Mas eis o paradoxo: a tão sonhada vida pacífica numa colina esverdeada só costuma vir depois de uma aventura mirabolante. Ver o seu precioso dinheiro flutuando ao sabor das intempéries da bolsa, do câmbio, da política e de um sem número de variáveis; ah, era melhor nunca ter vindo para esse condado tão maluco.
Veja, por exemplo, o Ibovespa e sua jornada cheia de obstáculos. Há um mês, o índice estava abaixo dos 100 mil pontos, preso no labirinto sem saída do arcabouço fiscal. Mas, passados 30 dias, uma luz começa a brilhar; será um tesouro reluzente ou uma armadilha?
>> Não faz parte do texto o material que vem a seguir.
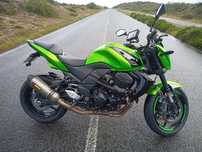 Z750R 2012 com escape akrapovic de origem.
Fato é que, nesta sexta-feira (28), o Ibovespa fechou em alta de 1,47%, retornando à casa centenária — mais precisamente, aos 104.431 pontos, na máxima do dia. No mês, os ganhos foram de 2,5%. O dólar fechou a R$ 4,98, recuando 1,6% no mesmo período.
No livro de memórias do investidor aventureiro, o capítulo de abril de 2023 será marcado pela resolução de problemas: o substituto do teto de gastos foi apresentado, goste-se ou não dele; a inflação brasileira segue arrefecendo e a atividade econômica dá sinais de fortalecimento.
Lá fora, o mundo segue em guerra e a incerteza continua pesada quanto à solidez do sistema financeiro global; ainda assim, um certo tom de otimismo tomou conta do espírito cansado dos mercados.
Mas é claro que é cedo para falar em final feliz — a jornada nunca acaba, e os perigos estão sempre à espreita. A começar por um certo dragão que atende pelo nome de Super Quarta.
Pois é, caro viajante: lá e de volta outra vez, numa nova rodada de decisão de juros pelo mundo. A próxima semana será crucial para Copom, Fed e BCE — e não há como se esconder do embate.
Mas, até lá, veja tudo o que movimentou os mercados nesta sexta-feira, incluindo os principais destaques do noticiário corporativo e as ações com o melhor e o pior desempenho do Ibovespa.
Orizon (ORVR3) movimenta R$ 369 milhões em oferta de ações a R$ 34 cada. A empresa também poderia emitir um lote extra para cobrir um eventual excesso de demanda, mas não foi o caso.
Hurb (antiga Hotel Urbano) vai responder processo administrativo e terá 48 horas para esclarecer sua situação financeira. Segundo a Secretaria Nacional do Consumidor, por enquanto não serão adotadas medidas como a suspensão da venda de produtos e serviços do grupo.
Petrobras (PETR4) baixou o preço: diesel vai ficar mais barato para as distribuidoras a partir deste sábado (29). De acordo com a estatal, o valor dos demais combustíveis não sofrerá alteração.
Governo vai editar, até segunda (1º), MP que amplia isenção do imposto de renda para quem ganha até R$ 2.640. Em entrevista à Folha, o ministro do Trabalho, Luiz Marinho, confirmou que a nova faixa passará a vigorar em maio.
Saiba como fica o funcionamento da B3, dos bancos, dos correios e do transporte no feriado do Dia do Trabalho. No caso da bolsa, não haverá negociações nos mercados de renda variável, renda fixa privada, ETFs de renda fixa e investimentos no Tesouro Direto.